Archimede Seguso, one of Murano’s twentieth-century masters, was part of a renowned family of Italian glassmakers since the fifteenth century. By the age of thirteen, Seguso was blowing glass for the Vetreria Artistica Barovier, where his father was a partner. After painstaking training in traditional Murano techniques, at the age of twenty he began producing his own pieces using a small furnace in the fireplace of his home. With his father Antonio, Napoleone Barovier, and others, he was a founding member of the Seguso Vetri d’Arte in 1932 and served as master glassblower, executing his own and Flavio Poli’s designs. Umberto Franzoi singled out one multi-paneled work, I Segni dello Zodiaco (“The Signs of the Zodiac”), on display at the Milan Triennale of 1937, as bearing the “unmistakable hallmarks of both artisans—the definition of profile and volume of Poli, the vibratile spontaneity and ethereal refinement of maesro Seguso” (Franzoi, 1991, p. 28). In 1947, Seguso formed the Vetreria Archimede Seguso where he was primo maestro. Inspired by the forms and techniques of the Novecento artists and glassmakers, he notably perfected the traditional Venetian latticino and filigrano techniques and adapted them to the styles of the times. Seguso was considered a sculptor for his modeling of thin blown and solid glass in the forms of animals and figures, often in bold contrasting colors and interweaving gold leaf. His versatility is evident by his wide range of creations, which included these small and much larger sculptures, tableware, portrait busts, and chandeliers.
References:
Roberto Aloi, L’arredamento moderno. Milan: U. Hoepli, 1934.

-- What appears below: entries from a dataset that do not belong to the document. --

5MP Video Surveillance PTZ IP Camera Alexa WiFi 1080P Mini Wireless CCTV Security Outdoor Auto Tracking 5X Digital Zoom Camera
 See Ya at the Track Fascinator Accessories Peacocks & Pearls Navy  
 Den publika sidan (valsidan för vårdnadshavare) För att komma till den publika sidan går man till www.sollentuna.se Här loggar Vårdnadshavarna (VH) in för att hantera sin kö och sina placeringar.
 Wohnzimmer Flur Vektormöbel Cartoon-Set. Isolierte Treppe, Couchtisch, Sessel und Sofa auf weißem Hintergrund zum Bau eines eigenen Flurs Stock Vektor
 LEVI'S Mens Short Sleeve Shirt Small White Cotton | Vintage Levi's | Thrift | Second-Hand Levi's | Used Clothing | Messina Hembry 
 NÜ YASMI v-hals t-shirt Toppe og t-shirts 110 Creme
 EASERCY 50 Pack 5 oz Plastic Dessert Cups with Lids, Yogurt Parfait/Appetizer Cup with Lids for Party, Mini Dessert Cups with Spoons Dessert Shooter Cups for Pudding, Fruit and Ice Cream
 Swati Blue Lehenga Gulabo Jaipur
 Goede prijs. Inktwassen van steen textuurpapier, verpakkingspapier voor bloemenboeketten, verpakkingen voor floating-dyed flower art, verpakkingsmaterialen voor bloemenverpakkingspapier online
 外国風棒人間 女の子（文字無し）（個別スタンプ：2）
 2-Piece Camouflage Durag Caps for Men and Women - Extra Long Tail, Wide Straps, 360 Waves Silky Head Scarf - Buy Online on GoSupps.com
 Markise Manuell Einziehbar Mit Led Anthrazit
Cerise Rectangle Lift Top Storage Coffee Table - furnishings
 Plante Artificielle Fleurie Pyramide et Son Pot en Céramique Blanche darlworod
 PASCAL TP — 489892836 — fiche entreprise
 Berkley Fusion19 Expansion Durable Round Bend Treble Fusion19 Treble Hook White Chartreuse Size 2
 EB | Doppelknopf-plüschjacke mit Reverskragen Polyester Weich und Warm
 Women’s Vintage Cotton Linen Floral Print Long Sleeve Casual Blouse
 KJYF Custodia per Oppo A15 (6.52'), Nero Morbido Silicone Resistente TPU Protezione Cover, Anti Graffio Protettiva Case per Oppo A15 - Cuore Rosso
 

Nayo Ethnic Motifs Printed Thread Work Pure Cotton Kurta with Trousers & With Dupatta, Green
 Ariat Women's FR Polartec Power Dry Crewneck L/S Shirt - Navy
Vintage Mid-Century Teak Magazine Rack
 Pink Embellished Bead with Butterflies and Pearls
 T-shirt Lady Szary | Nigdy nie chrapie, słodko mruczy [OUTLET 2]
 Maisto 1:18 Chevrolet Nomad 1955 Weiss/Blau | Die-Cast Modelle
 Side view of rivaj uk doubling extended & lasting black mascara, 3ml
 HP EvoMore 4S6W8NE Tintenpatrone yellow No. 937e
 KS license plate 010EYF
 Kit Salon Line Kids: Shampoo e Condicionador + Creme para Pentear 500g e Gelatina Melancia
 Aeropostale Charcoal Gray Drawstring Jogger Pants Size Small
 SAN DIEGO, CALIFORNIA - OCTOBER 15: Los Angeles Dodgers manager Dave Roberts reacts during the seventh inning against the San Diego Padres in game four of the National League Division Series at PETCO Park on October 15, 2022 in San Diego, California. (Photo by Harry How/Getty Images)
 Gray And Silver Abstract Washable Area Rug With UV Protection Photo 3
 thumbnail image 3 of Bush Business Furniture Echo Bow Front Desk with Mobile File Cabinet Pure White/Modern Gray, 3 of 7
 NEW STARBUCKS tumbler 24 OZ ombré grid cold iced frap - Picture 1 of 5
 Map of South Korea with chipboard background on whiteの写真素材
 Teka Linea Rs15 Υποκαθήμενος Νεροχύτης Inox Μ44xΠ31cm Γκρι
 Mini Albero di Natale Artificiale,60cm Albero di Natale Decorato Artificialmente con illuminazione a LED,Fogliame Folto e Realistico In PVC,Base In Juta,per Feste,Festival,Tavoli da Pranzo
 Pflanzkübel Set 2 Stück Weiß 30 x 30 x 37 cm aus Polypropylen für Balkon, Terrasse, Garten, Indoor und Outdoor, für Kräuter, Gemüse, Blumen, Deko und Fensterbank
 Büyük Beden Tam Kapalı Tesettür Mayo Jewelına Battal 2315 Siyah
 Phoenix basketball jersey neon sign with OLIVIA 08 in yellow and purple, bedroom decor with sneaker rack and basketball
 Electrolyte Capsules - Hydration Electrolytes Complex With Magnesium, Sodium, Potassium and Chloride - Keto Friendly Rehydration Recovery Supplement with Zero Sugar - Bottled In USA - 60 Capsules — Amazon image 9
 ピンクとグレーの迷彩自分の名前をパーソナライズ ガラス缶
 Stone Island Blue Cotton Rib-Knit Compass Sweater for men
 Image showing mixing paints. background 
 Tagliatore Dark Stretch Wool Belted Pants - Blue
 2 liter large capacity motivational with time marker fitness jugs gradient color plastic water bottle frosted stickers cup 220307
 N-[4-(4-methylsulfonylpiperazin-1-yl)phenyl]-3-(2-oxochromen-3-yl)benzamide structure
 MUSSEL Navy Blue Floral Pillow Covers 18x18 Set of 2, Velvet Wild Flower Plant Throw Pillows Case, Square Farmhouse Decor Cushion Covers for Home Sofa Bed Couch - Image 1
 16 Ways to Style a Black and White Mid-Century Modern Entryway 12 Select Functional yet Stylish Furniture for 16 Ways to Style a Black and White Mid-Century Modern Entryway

Umberto Franzoi, ed. Art Glass by Archimede Seguso (Venice: Arsenale, 1991).
Lenore Newman, “Seguso, Archimede,” in Design 1935-1965: What Modern Was (New York: Harry N. Abrams, 1991), 398.
Revere McFadden, David, et. al., Venetian Glass: The Nancy Olnick and Giorgio Spanu Collection (Milan and New York: Charta and the American Craft Museum, 2000), 242.